>>>
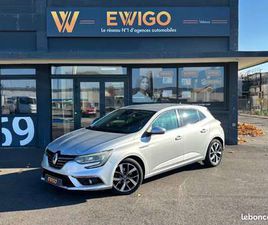 4 1.5 DCI 110CH INTENS BOÎTE AUTOMATIQUE DISTRIBUTION OK ENTRETIEN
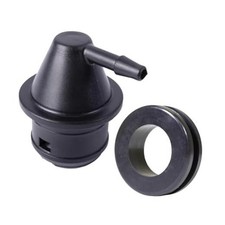 Club Car Golf Cart Fuel Tank Vent Assembly with Insulation Grommet
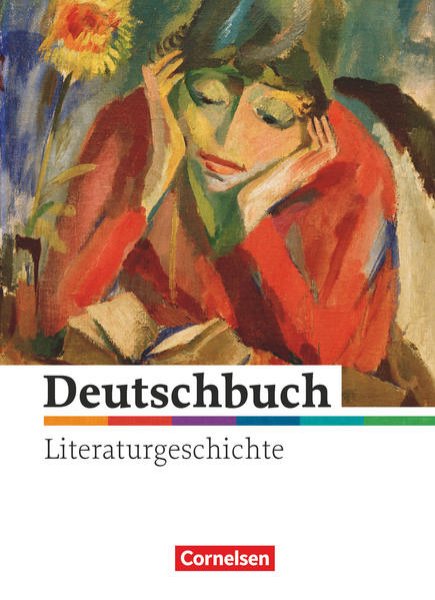 Bild zu Deutschbuch Gymnasium, Literaturgeschichte - zu allen Ausgaben, 5.-10. Schuljahr, Schulbuch - Ausgabe 2010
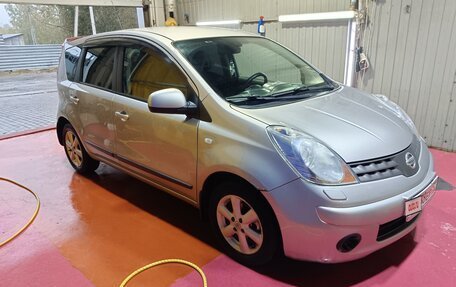 Nissan Note II рестайлинг, 2008 год, 640 000 рублей, 13 фотография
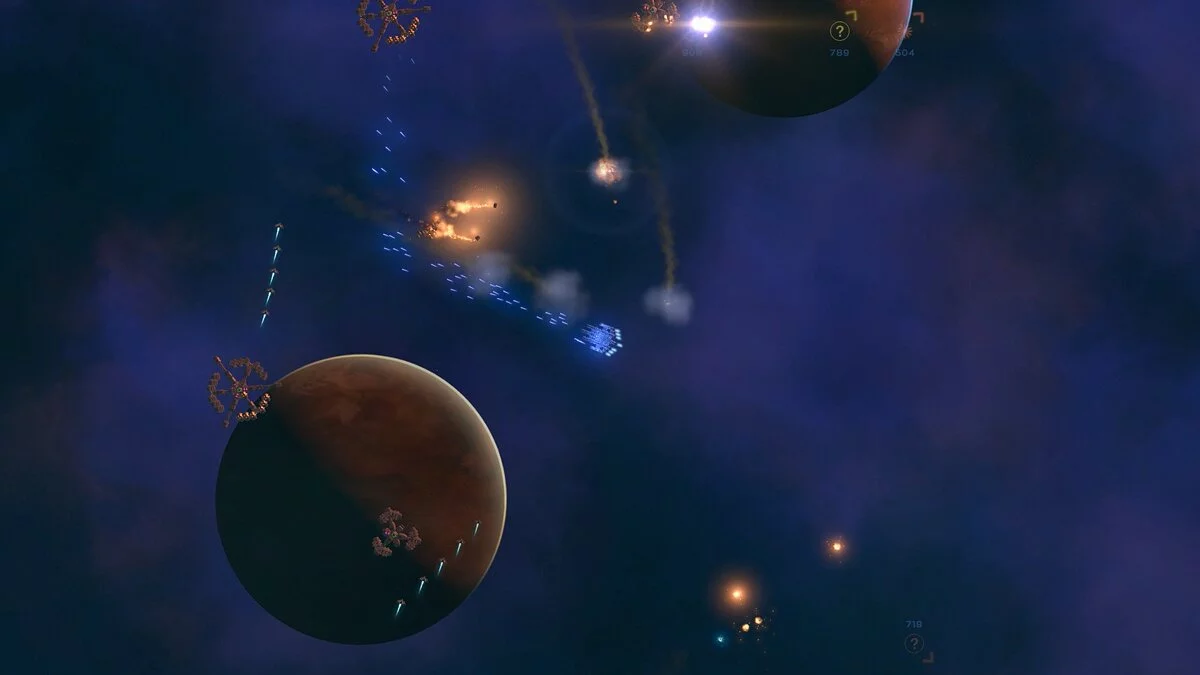 Скриншоты из Starcom: Nexus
<<<
• **Problem details**
If an entry above holds a picture, omit the picture but retype everything else exactly.

• **Finished exercise**
 4 1.5 DCI 110CH INTENS BOÎTE AUTOMATIQUE DISTRIBUTION OK ENTRETIEN
 Club Car Golf Cart Fuel Tank Vent Assembly with Insulation Grommet
 Bild zu Deutschbuch Gymnasium, Literaturgeschichte - zu allen Ausgaben, 5.-10. Schuljahr, Schulbuch - Ausgabe 2010
 Nissan Note II рестайлинг, 2008 год, 640 000 рублей, 13 фотография
 Скриншоты из Starcom: Nexus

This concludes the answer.